Speaker
Description
Understanding structural vibrations is critical for the design of mechanical structures such as airplanes or cars. In the context of vibroacoustic design the dynamical response of the system in the frequency domain is central. Such frequency response functions are usually computed using discretization techniques such as the finite element method. To this end, potentially large linear systems have to be solved at each queried frequency. For tasks like design space exploration, optimization or uncertainty quantification, the system has to be evaluated many times, quickly resulting in a prohibitive computational burden. Neural network surrogate models offer a promising alternative to traditional numerical simulation. These models can be evaluated rapidly but require large datasets for training. Our work focuses on enhancing the data efficiency of deep learning approaches by incorporating physical knowledge into the network architecture.
In this work, we consider harmonically excited plates with beadings as a benchmark dynamical system. The beading patterns define a geometry modification which affects the local stiffness of the plate and consequently the frequency response function (FRF). Our network is trained to predict the FRF given a beading pattern.

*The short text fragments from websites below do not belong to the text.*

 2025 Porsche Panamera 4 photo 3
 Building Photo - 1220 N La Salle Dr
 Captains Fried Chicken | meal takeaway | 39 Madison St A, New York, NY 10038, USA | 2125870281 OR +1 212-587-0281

We propose a physically inspired final network layer. Specifically, our network represents the FRF as a (weighted) sum of rational basis functions derived from the FRF of a single mass oscillator model. This design ensures smooth predictions and allows the network to directly predict the eigenfrequency, height, and damping coefficient per peak. Using these parameters, we define a novel loss function that incorporates their contribution explicitly. During training, we have to account for its special numerical properties.

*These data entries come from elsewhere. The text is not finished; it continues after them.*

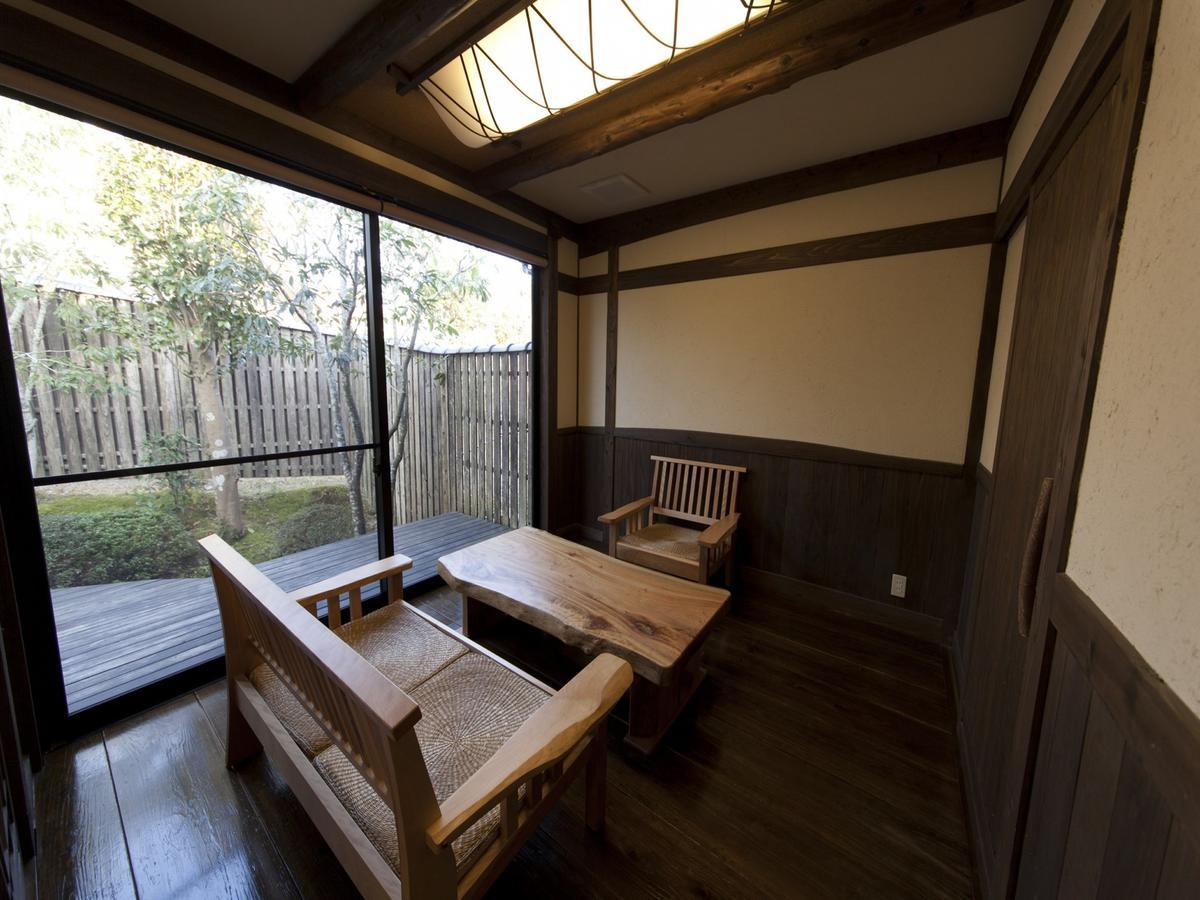 Gokuraku Onsen Takumi No Yado Hotel Takaharu Bagian luar foto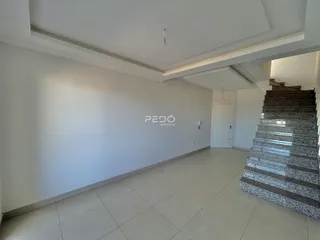 Hall de entrada com paredes brancas e piso de cerâmica claro.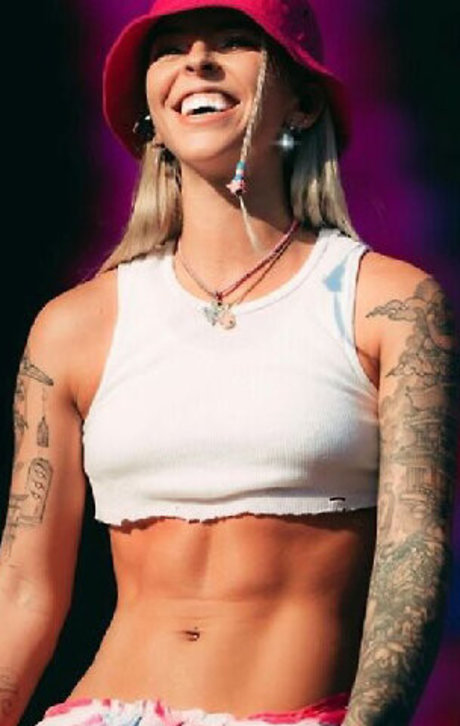 Young Miko ホットなモデル ギャラリー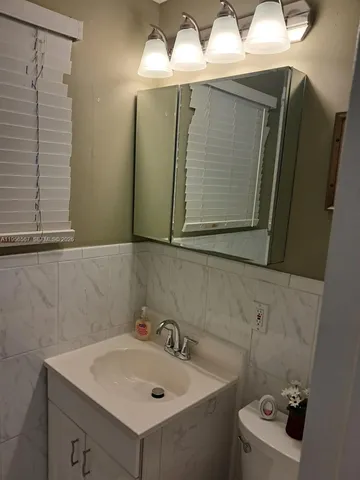 $3,400 | 229 Northwest 85th Court, Miami, FL 33126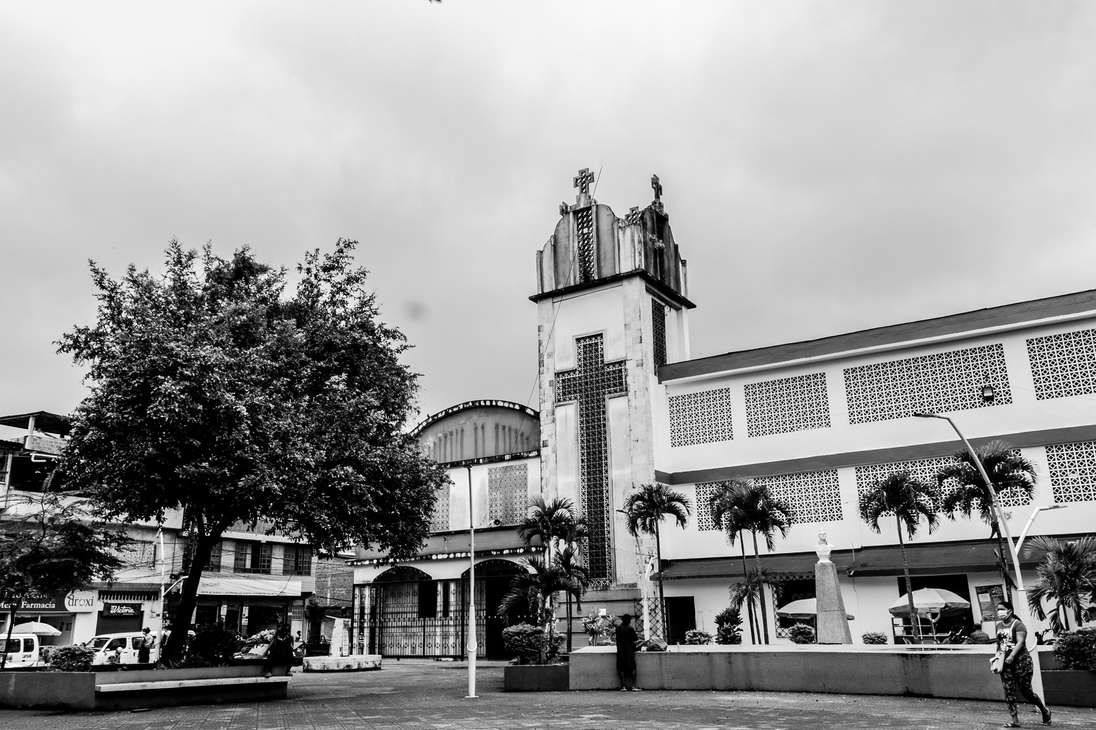 Plazoleta del parque Nariño, en Tumaco. Arriba a la izquierda la iglesia La Merced, frente a la cual fue asesinada Yolanda Cerón el 19 de septiembre de 2001 por los paramilitares de Pablo Sevillano.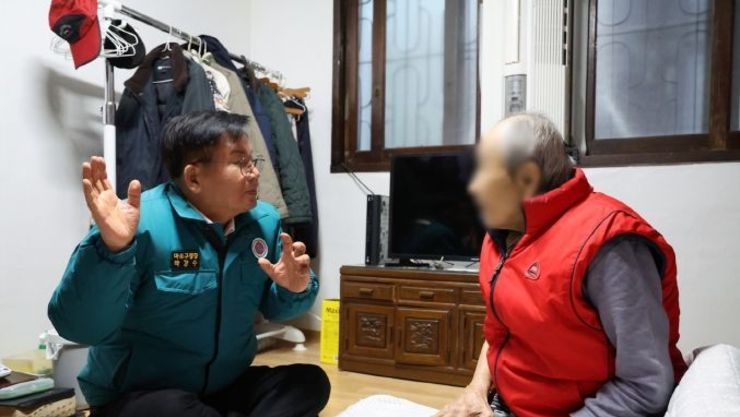 “추운 겨울, 괜찮으신가요” 박강수 마포구청장 주거취약가구 직접 살펴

We compare our physics-constrained architecture to a generic architecture that directly predicts the FRFs trained on the same data. Our method predicts the eigenfrequencies more accurately, especially in the low data regime. However, the generic method achieves a smaller FRF mean squared error in the high data regime. Potential future work includes generalizing our method to predict velocity fields, where generic networks currently outperform. Overall, our approach offers a tradeoff: improved eigenfrequency prediction and physical interpretability at the cost of a more complicated architecture and training process.